Quello che mi piace da impazzire da ignorante, perché sono ignorante i poesia, è che quando scrivi (non so se sia corretto dare il tu..se sbaglio chiedo scusa) già solo le parole sono armonia e canto..toccano.. cambiano stati d'animo solo col suono.poi si guarda nel profondo e c'è sempre una comunicazione profonda a più di una immagine.Belle non è una parola che basti.Profondamente e sublimamente umane.

G
Giusi9 marzo 2007

da figli si passa a genitori, ed è prorio quando non c'è più nessuno a farti sentire figlio che si sente amarezza nel cuor. Bellissime le parole.

Elena Poldan9 marzo 2007

Malinconico excursus fra i ricordi guidati e condotti, come piuma, dalle note. Ci hai fatto intravedere e respirare i tuoi verdi anni e il gusto maturo di quelli attuali.
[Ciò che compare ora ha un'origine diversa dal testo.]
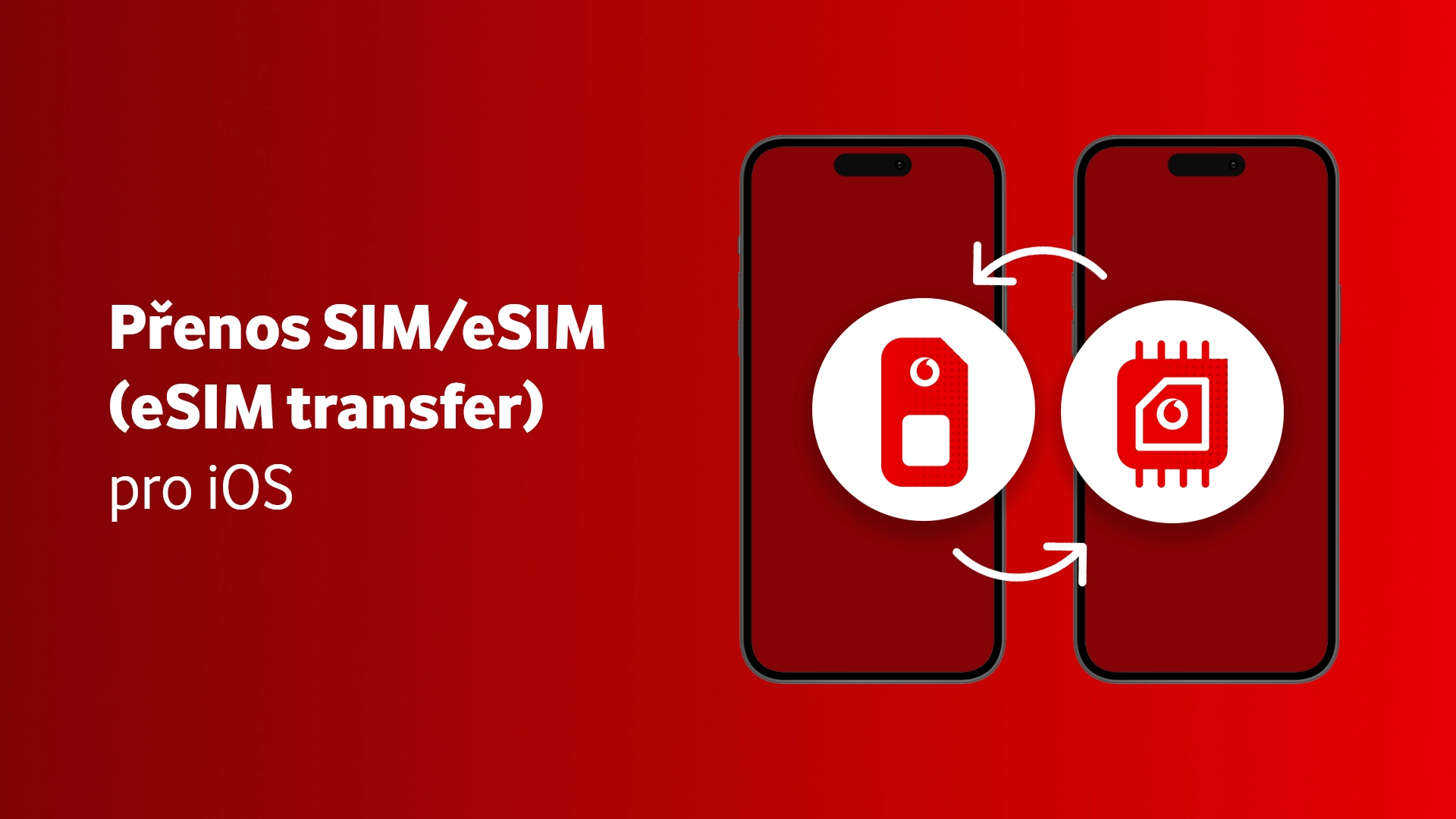 výměna SIM iOS transfer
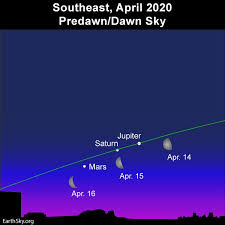 Our solar system's two biggest planets in one viewfinder: Watch The Moon Sweep Near 3 Morning Planets Tonight Earthsky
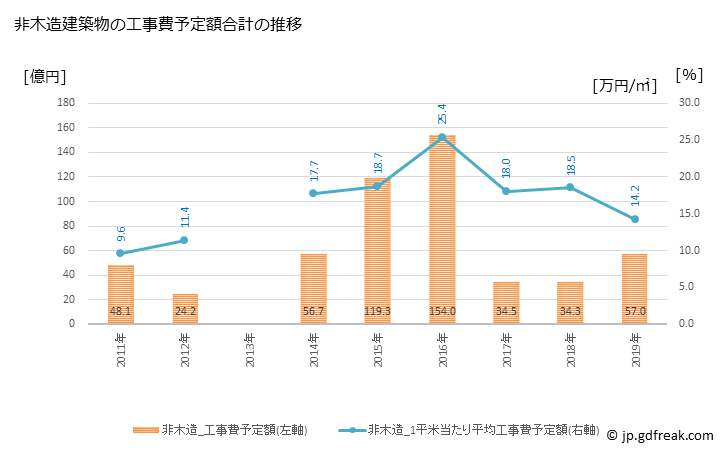 グラフ 年次 北広島市(ｷﾀﾋﾛｼﾏｼ 北海道)の建築着工の動向 非木造建築物の工事費予定額合計の推移
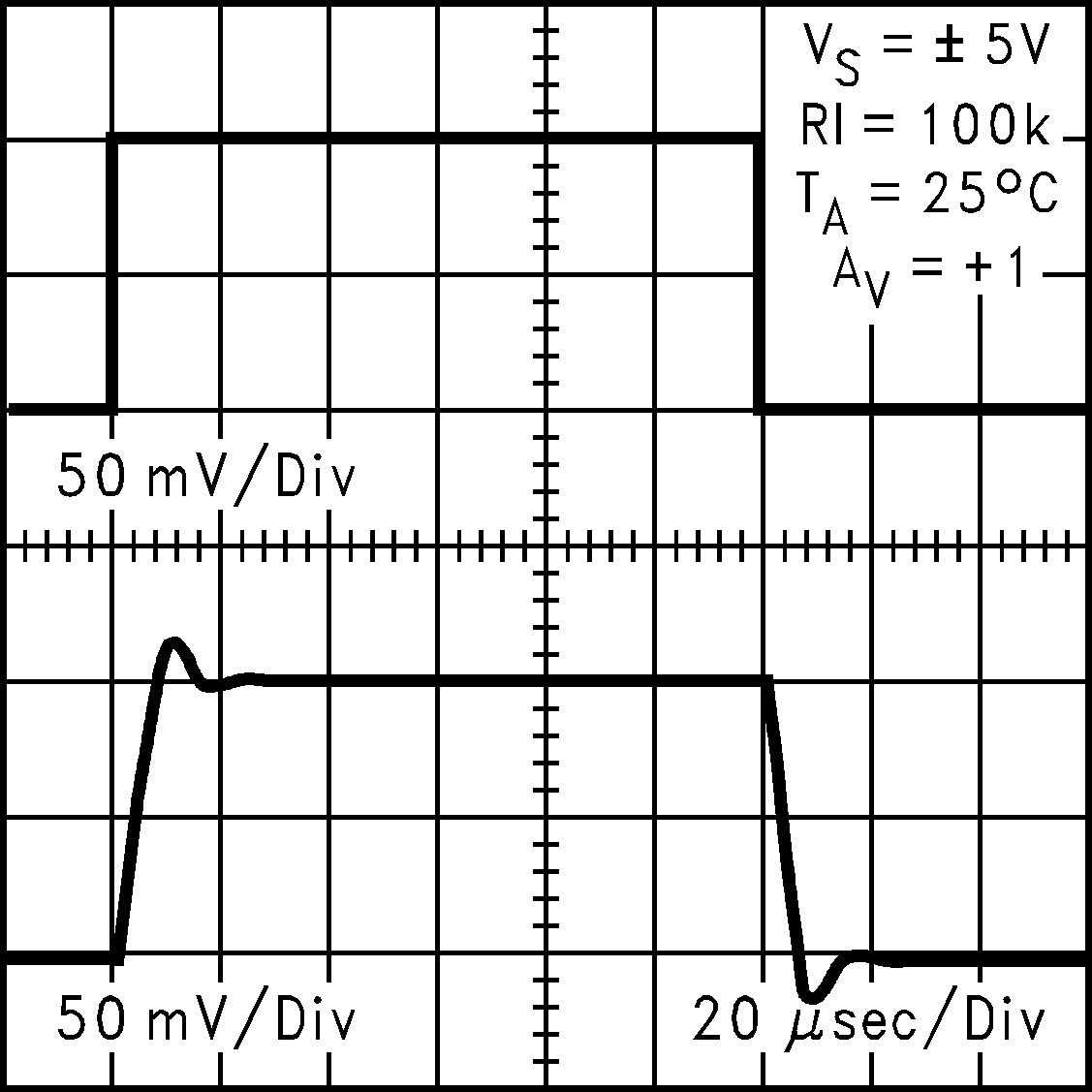 LMC7111 Noninverting Small-Signal
                        Pulse Response at 10V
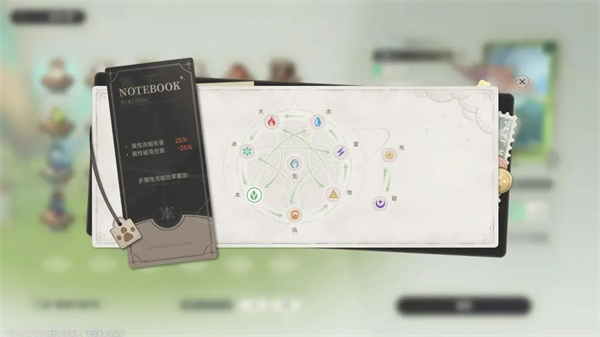 新手职业及属性阵容系统攻略4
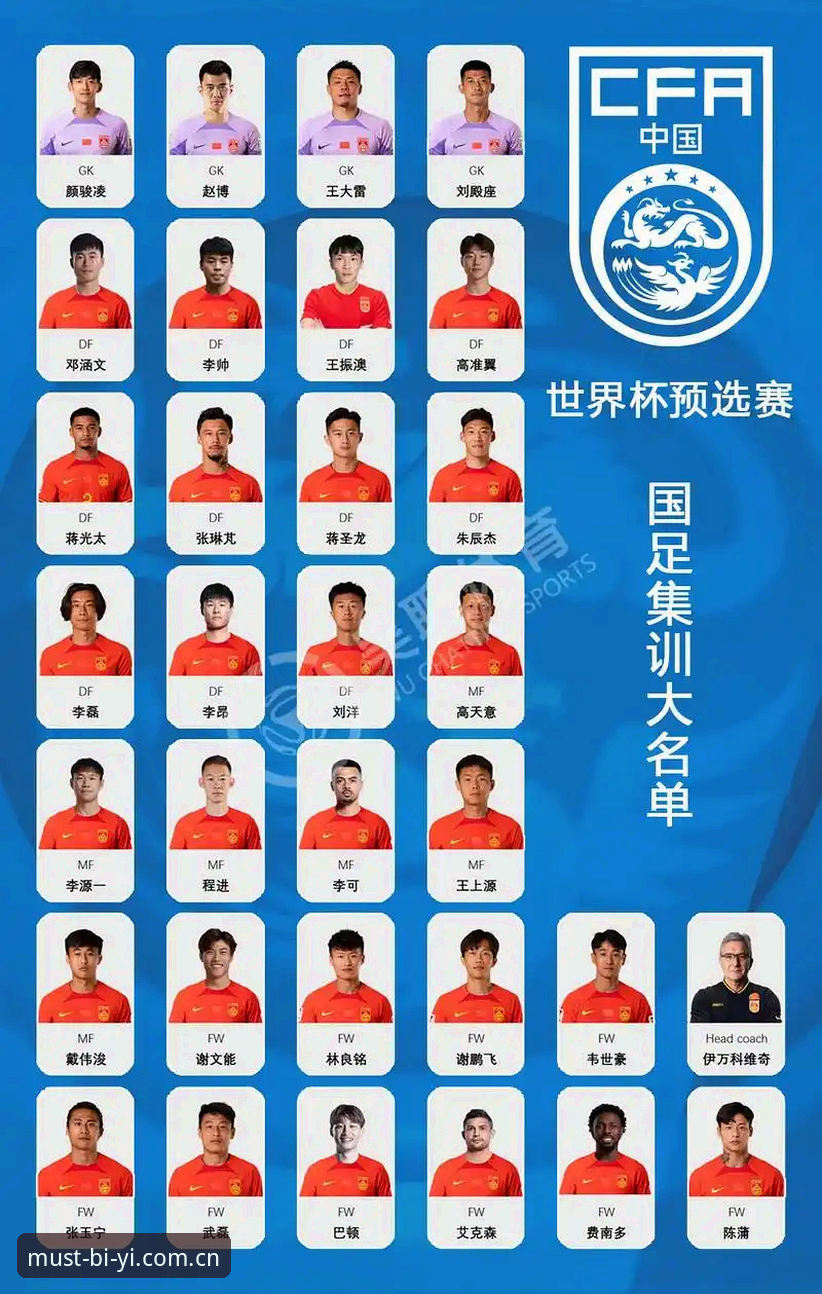 中国足协第三批禁足名单深度解析：足球反腐风暴背后的行业警示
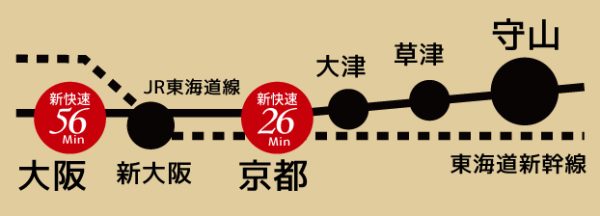 守山駅から大阪駅までのマップ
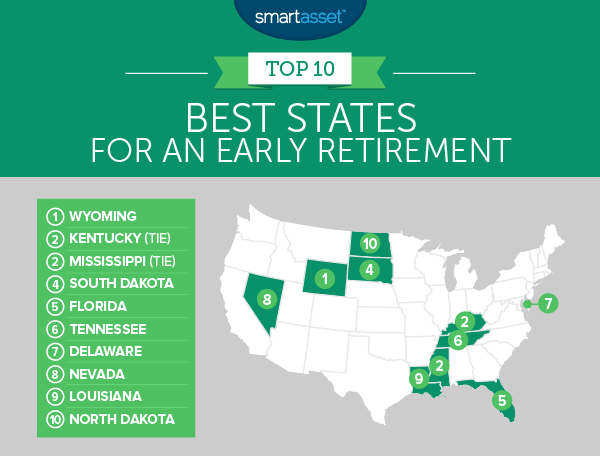 best states for an early retirement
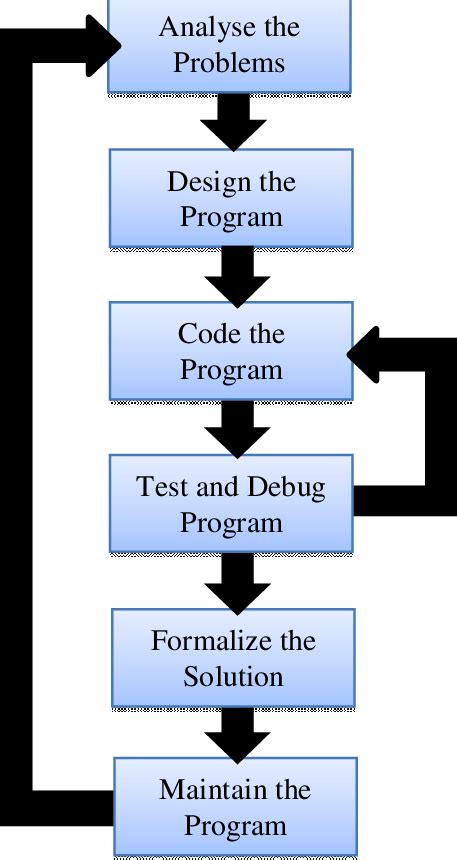 Software Development Life Cycle SDLC Model The Detail Of Logic Plans Download Scientific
Armonia, pathos, contenuto... c'è tutto! !

S
Sam9 marzo 2007

bellissimi versi riagganciati ad altrento magistrale racconto... bel racconto della crescita e della paura della crescita che comunque sovviene...

C
Chris9 marzo 2007

... l’onta degli anni non intacca la purezza dell’infanzia, rincorrere con la memoria le prospettive perdute, il giusto inganno dei piccoli rimpianti... commuove e sollecita il tarlo del verso che ha nidificato dentro di me... Grande

C
Cosimo Azzaro5 giugno 2007

passo di rado... per ora. Appena potro' ti leggero' ancora. Titolo sublime e le parole non deludono. Ritorna il passato e talvolta continua a tacere.

F
Freegoblin19 giugno 2007

carezze malinconiche fra i versi, dolce navigare fra note di sentimenti che un poco struggono, un poco confortano...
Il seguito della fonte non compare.